Atty. E wants to illustrate his point further. He tells the class: “You know class how it is easy to illustrate and to act out the crime of homicide/murder like what we did the other night but in the crime of rape it is nigh impossible. He advances: “Di ba Ms. Beautiful Lady seated on the right aisle?” Many sniggered. . .then came a passing thought: we’re all preoccupied. Who says he’s not?

* * *

Then came Atty. T whose eyes always glimmer in mystique that I can’t keep myself from staring at them, straight and uninterruptedly, within that short and ephemeral sixty minutes. Atty. T speaks in rapidity, with minimal and short pauses, one just wonders where she gets oxygen and the necessary fluids to maintain her vocals. She started with the provisions on legal separation and related these with void and voidable marriages. Atty. T underscored the mutual responsibility of married couples to copulate in order to actually consummate marriage. Impotency could be a ground to annul a marriage. Likewise, excessive desire to copulate on the part of one spouse that border in perversity could be a ground for legal separation. “. . .so that if one spouse is either suffering from nymphomania or satyriasis, the normal spouse could petition the court and ask for legal separation.” She continues: “However, if such perversion is consensual as between the spouses, for instance both engage in sadomasochism, one spouse could not later on complain that she/he is aggrieved by the sexual conduct and behavior of the other spouse.” Very Freudian huh. The imagination flickers in the air, speech balloons popping out tremendously above everybody’s head.

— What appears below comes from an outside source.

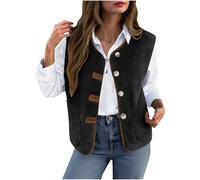 KODMNSW Teddy Fleece Weste Damen Fleeceweste V-Ausschnitt Elegant Teddyweste Wärmer Damenweste Einfarbiges Ärmellose Teddyjacke Frauen Westen mit Knopf Plüschweste Übergangsjacke Schwarz XL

One slouchy student appears to be aroused. . .the one beside her drools. . .like a deprived Pavlovian dog. I particularly diverged myself and remembered the bonobo chimpanzee and Freud’s definition of love: “Looove is the instinctual derivative of sex.” Quite true. [Me: And when sex disappears in this world, what would most likely happen?] [Flourescent bulb: Earth would be renamed the Insanity Planet!] The tantra was ended by Atty. T’s violent closing of her little black book that produced a shocking and embarrassing sound that somehow implied that we’re not allowed to indulge at the moment. She strutted her way out, passed the aisles her left hand clutching at her “hairy” handbag.

* * *

Atty. G walked in the classroom holding a plastic cup splattered with coffee stains on one side. . .took one sip before he began talking. “Okay, class where did we stop last time?” Atty. G is quite demure in his ways but he occasionally blurts out his repressed thoughts. His discussions mostly punctuated by green jokes on girlie-night bars and the indispensability of going nocturnal on weekends. While explaining the national ID system that was previously rendered unconstitutional he joked on his other companero who is apparently Atty. E. He said: “You know class, on hindsight, I think the ID system would benefit persons like Atty. E, because in such case Atty. E wouldn’t appear to be a Don Juan at the pleasure of his virile students who go nightly at his favorite bars using his name when asked at the entry point by bouncers.” Nothing but sex keeps the house alive on this soporific and supposedly romantic evening with all the mists and the lonesome walk at dark alleys partially illuminated by the dying light of lampposts.

Thursday, July 5, 2007

Of Pre-Made Lawyers & Robotics

Lawyers are made; they are not merely born to be in such profession.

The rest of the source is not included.